## Raw data
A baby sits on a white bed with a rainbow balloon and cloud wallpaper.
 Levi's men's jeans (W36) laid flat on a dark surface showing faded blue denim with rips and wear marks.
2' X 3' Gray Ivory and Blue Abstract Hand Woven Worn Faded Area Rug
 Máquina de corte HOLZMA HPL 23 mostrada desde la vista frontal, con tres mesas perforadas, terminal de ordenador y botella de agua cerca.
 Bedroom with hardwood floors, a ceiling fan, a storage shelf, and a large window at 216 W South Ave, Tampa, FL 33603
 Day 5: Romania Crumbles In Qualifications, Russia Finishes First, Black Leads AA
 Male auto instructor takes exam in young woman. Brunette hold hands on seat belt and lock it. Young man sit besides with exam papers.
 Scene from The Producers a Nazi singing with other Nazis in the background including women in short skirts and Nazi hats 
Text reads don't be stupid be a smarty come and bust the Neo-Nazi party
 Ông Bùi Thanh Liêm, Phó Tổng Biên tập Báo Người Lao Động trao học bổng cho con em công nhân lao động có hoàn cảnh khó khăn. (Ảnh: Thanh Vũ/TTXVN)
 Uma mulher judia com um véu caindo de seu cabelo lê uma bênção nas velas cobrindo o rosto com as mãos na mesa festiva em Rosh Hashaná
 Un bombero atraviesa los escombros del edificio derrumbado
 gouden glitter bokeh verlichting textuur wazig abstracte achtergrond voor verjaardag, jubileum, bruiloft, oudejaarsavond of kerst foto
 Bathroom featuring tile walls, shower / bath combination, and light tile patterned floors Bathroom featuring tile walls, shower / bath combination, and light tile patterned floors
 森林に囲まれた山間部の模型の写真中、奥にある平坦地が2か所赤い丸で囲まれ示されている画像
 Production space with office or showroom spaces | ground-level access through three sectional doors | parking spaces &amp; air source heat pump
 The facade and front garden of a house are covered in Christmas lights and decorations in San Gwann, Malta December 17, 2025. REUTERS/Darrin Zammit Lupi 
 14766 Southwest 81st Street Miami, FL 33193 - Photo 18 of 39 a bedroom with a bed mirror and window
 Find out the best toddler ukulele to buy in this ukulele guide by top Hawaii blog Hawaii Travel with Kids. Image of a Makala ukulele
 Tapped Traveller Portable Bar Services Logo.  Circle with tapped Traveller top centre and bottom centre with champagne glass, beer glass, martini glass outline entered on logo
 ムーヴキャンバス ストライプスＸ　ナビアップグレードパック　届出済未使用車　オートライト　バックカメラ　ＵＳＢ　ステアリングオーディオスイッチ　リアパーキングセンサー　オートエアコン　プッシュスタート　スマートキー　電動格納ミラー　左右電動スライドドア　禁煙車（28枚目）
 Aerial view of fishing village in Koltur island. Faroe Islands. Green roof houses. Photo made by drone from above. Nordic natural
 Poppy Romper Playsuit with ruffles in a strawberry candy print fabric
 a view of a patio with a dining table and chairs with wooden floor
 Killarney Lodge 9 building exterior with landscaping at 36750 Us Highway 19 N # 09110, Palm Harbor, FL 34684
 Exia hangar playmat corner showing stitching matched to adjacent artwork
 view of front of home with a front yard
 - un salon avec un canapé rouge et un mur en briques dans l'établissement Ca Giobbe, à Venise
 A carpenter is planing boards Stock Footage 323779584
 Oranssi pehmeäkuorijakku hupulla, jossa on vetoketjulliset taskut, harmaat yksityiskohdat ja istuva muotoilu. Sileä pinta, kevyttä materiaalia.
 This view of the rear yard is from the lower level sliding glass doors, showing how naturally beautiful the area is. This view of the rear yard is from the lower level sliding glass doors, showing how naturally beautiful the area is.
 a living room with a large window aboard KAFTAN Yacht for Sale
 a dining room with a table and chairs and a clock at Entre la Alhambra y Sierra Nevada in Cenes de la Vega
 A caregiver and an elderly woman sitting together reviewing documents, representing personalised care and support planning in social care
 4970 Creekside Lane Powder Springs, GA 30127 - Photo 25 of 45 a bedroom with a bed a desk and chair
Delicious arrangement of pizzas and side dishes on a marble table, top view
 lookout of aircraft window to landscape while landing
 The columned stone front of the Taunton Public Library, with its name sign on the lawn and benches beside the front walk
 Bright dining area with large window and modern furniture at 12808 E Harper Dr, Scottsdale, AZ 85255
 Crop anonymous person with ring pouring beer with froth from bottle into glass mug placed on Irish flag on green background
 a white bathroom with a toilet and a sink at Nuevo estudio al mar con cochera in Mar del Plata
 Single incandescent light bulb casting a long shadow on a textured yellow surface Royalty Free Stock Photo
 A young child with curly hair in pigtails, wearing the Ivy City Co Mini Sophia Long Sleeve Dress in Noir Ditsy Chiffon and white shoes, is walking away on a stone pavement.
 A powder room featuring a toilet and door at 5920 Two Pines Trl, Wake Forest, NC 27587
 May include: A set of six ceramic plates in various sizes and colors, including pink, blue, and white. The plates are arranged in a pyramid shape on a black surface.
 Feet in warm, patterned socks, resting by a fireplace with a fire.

## What the exercise asks
Check each line above for "toilet" and please state only how many have it.

## Answer
2